Github user paul-rogers commented on a diff in the pull request:
https://github.com/apache/drill/pull/984#discussion_r144945872
--- Diff:
exec/java-exec/src/main/java/org/apache/drill/exec/physical/impl/TopN/PriorityQueue.java
---
@@ -20,22 +20,58 @@
import org.apache.drill.exec.compile.TemplateClassDefinition;
import org.apache.drill.exec.exception.SchemaChangeException;
import org.apache.drill.exec.memory.BufferAllocator;
-import org.apache.drill.exec.ops.FragmentContext;
import org.apache.drill.exec.physical.impl.sort.RecordBatchData;
import org.apache.drill.exec.record.VectorContainer;
import org.apache.drill.exec.record.selection.SelectionVector4;
public interface PriorityQueue {
- public void add(FragmentContext context, RecordBatchData batch) throws
SchemaChangeException;
- public void init(int limit, FragmentContext context, BufferAllocator
allocator, boolean hasSv2) throws SchemaChangeException;
- public void generate() throws SchemaChangeException;
- public VectorContainer getHyperBatch();
- public SelectionVector4 getHeapSv4();
- public SelectionVector4 getFinalSv4();
- public boolean validate();
- public void resetQueue(VectorContainer container, SelectionVector4
vector4) throws SchemaChangeException;
- public void cleanup();
-
- public static TemplateClassDefinition<PriorityQueue> TEMPLATE_DEFINITION
= new TemplateClassDefinition<PriorityQueue>(PriorityQueue.class,
PriorityQueueTemplate.class);
+ /**
--- End diff --
TopN has a priority queue.
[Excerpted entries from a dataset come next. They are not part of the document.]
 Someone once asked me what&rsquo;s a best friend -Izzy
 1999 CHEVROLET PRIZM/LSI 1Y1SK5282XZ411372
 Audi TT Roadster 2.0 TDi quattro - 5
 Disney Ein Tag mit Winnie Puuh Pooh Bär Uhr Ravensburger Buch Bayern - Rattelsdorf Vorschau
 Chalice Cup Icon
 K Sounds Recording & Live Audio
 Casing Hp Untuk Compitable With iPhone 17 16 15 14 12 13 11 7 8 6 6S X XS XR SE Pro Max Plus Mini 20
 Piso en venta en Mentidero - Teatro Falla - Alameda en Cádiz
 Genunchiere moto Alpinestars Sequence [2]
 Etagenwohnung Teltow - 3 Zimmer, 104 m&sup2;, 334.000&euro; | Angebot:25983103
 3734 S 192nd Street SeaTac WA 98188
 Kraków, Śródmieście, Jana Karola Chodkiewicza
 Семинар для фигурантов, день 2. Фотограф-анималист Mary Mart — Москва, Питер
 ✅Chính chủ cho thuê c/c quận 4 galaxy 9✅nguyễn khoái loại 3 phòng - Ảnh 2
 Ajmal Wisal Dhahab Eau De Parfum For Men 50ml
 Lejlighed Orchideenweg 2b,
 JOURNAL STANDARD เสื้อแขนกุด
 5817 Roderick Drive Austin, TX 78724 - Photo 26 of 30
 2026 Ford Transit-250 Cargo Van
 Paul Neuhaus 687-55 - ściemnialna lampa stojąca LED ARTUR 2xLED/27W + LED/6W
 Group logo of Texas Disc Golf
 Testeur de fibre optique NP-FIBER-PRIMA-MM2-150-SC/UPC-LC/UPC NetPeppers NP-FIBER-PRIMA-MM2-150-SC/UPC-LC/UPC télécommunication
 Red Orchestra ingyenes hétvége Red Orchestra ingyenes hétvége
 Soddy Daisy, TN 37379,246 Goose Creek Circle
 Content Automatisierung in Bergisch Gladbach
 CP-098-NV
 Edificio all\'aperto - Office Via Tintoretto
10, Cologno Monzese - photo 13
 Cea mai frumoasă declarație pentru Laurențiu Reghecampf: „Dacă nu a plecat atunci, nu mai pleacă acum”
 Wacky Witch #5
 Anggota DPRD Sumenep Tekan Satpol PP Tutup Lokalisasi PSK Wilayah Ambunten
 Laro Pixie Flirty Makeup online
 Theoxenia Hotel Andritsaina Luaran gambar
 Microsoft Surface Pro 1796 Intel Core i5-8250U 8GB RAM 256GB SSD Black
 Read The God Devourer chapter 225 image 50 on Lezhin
So does the sort. Are there others? Should we
have a single, shared implementation that we can optimize and test once, but
benefit from multiple times? Or, is the TopN version different enough from the
sort version that we need two versions? If we need two, should improvements
here (especially for code gen) be applied to the sort version?
---